The BJP has long struggled to carve out an independent political space in Punjab, a state where regional parties and the Congress have dominated. Since the farmers’ agitation and the breakdown of its alliance with the Shiromani Akali Dal, the party’s footprint has further shrunk. In this context, development-driven outreach—especially in high-visibility constituencies like Dhuri—could be seen as a strategy to slowly rebuild relevance.
However, whether this approach will translate into political gains remains uncertain.
For one, Bhagwant Mann has already framed the Centre’s broader rural employment reforms as anti-poor, a narrative likely to resonate in agrarian Punjab. Any Central initiative in Dhuri will be closely scrutinised by the state government and AAP cadre, who may portray it as politically motivated rather than welfare-oriented. Mann’s emphasis on Punjab’s autonomy and his frequent confrontations with the Centre have helped consolidate his support base, particularly among voters wary of perceived Central overreach.
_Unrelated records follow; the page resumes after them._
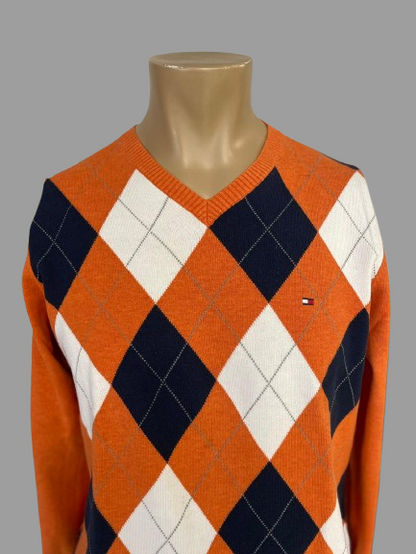 Pull Tommy Hilfiger Réf.02717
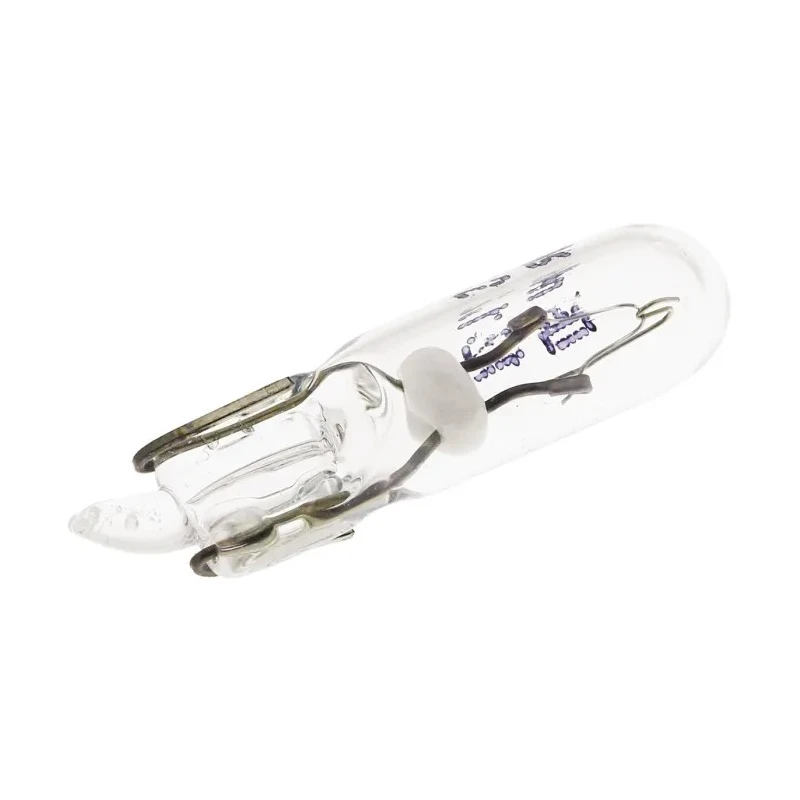 Osram Automotive Incandescent Lamp Clear W2x4.6d Base 12V 1.2W 2000h Lifespan 2721-02B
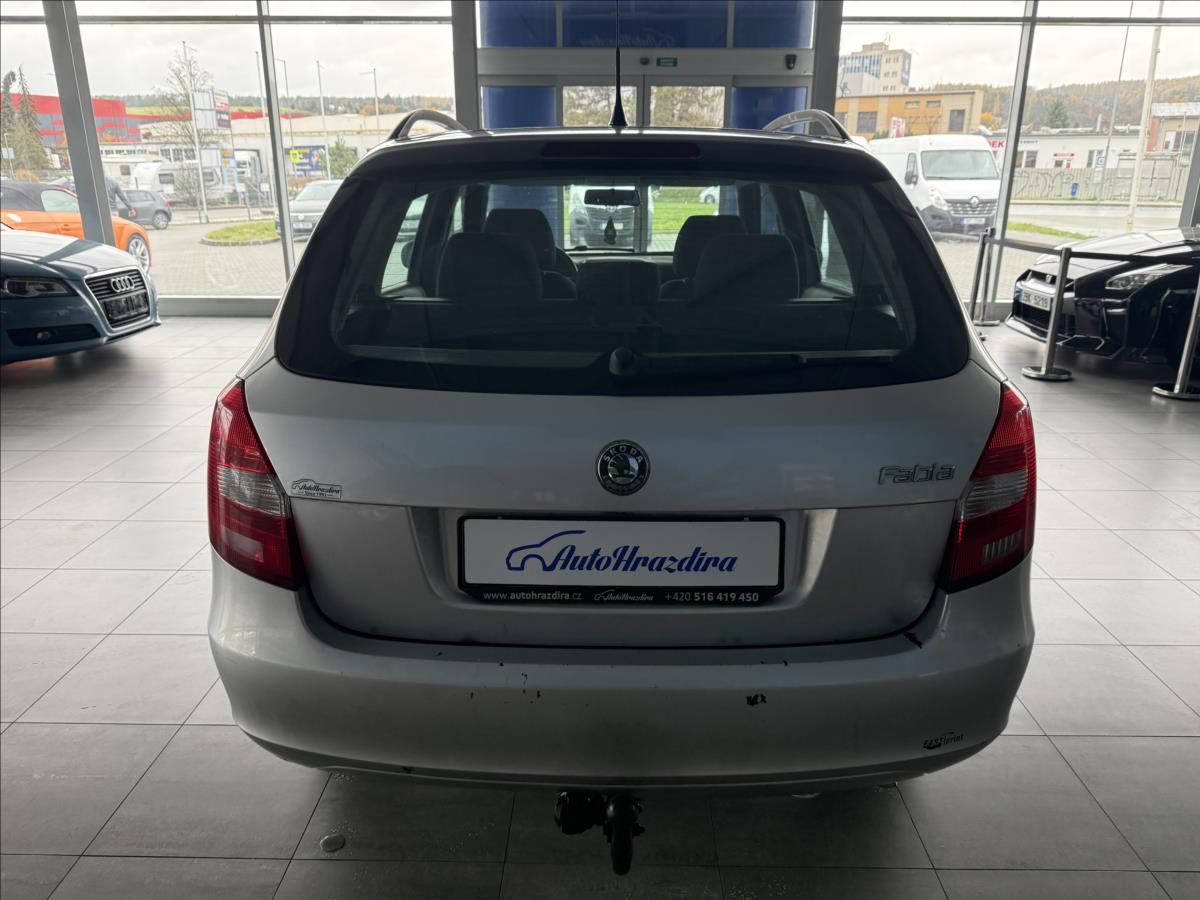 Škoda Fabia
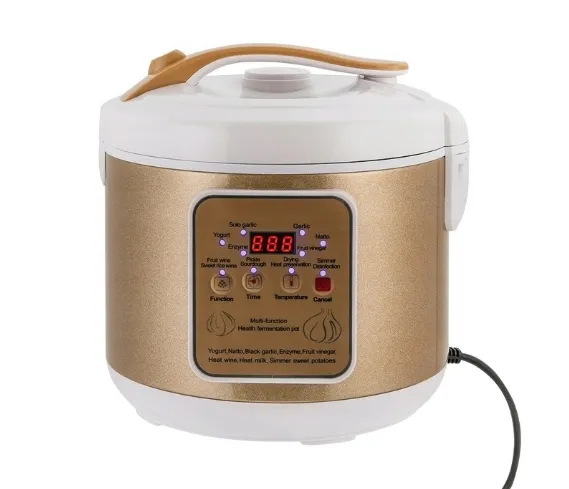 FERMENTER DO CZARNEGO CZOSNKU AUTOMATYCZNY MASZYNA DO FERMENTACJI ZDROWEGO
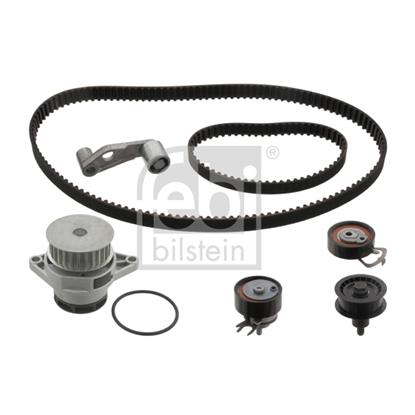 Febi Water Pump And Timing Belt Set 45131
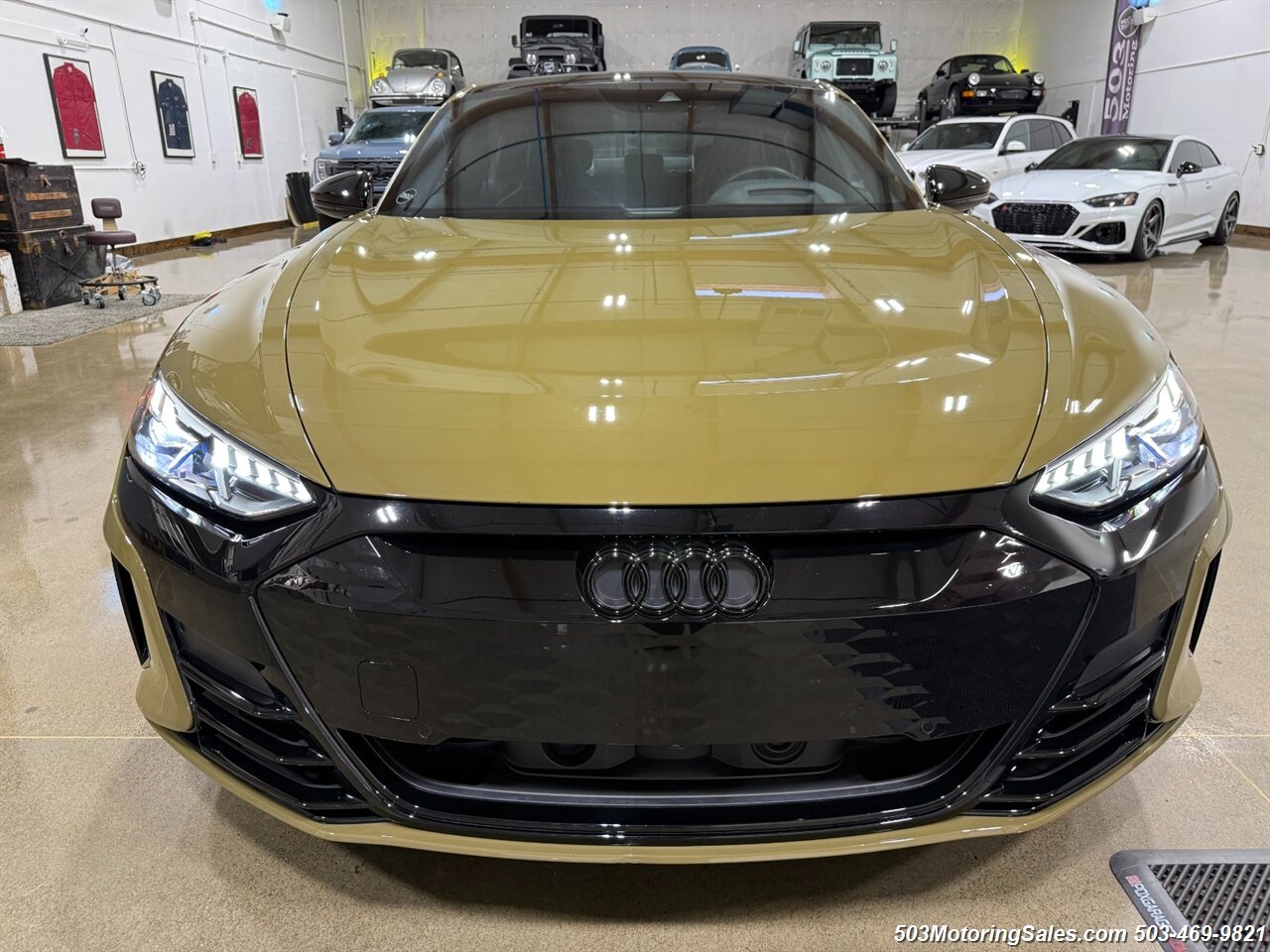 2022 Audi e-tron GT quattro Prestige   - Photo 23 - Beaverton, OR 97005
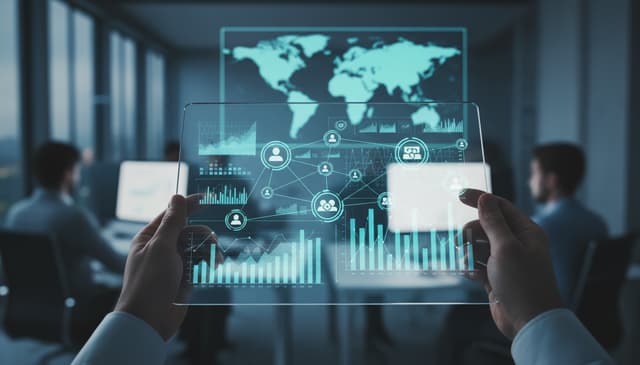 Wyszukiwarka do szybkiej analizy konkurencji: praktyczny przewodnik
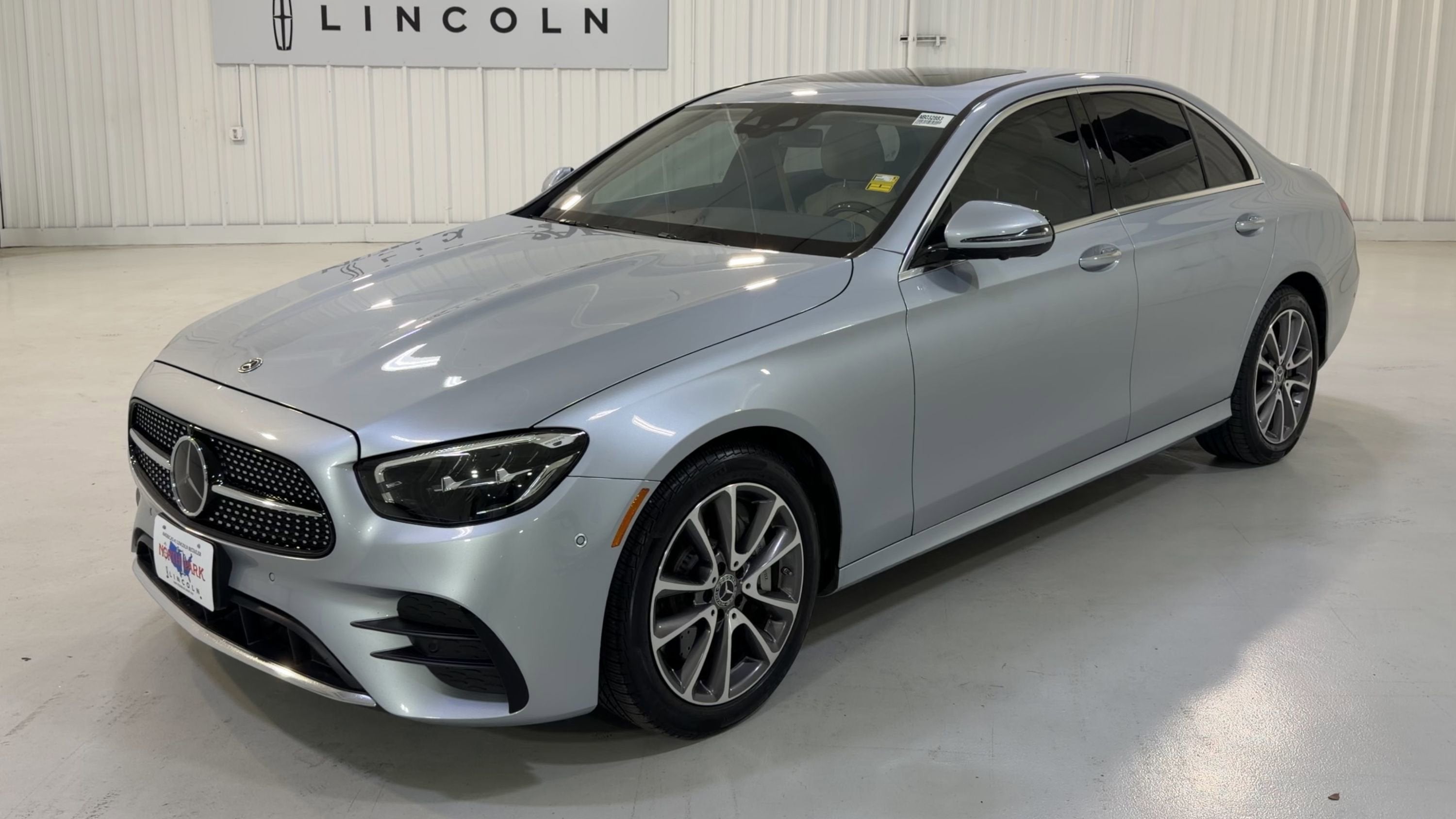 2022 Mercedes-Benz E-Class E 450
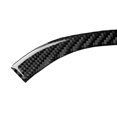 thumbnail image 4 of Pegatinas De Fibra De Carbono, Cubierta De Marco De Decoración De Panel De Interruptor De Control De Ventana De Coche Para Ford Mustang 2015 2016 2017, Pegatina De Estilo De Coche Guardurnaity VI003980-00, 4 of 7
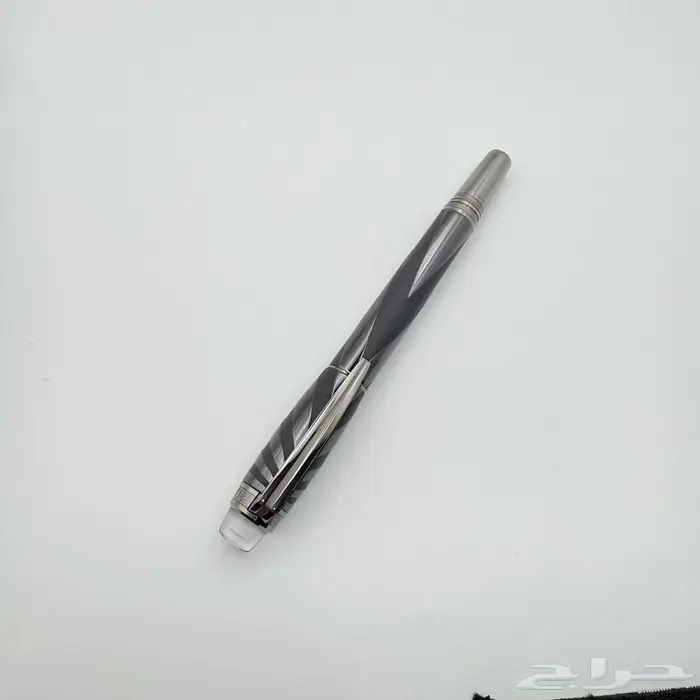 قلم مون بلان ستار ووكر فاوماستر Starwalker Ceramic 4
Moreover, voters in Punjab have historically differentiated between development delivery and electoral loyalty. Central schemes implemented under previous governments have not necessarily resulted in sustained support for the BJP at the ballot box. The party’s limited grassroots organisation in rural Punjab also constrains its ability to convert administrative visibility into political mobilisation.
That said, the Aspirational Blocks Programme does offer the BJP an opportunity to demonstrate effective governance. If tangible improvements in infrastructure, health services or employment generation become visible on the ground in Dhuri, it could blunt some of AAP’s criticism and complicate the Chief Minister’s narrative of Centre–state hostility.
In the short term, the move sharpens political optics rather than altering equations. In the long run, whether Dhuri becomes a showcase of cooperative development or a flashpoint of political one-upmanship will determine if the BJP’s targeted focus pays off in a state where political trust is earned slowly and lost quickly.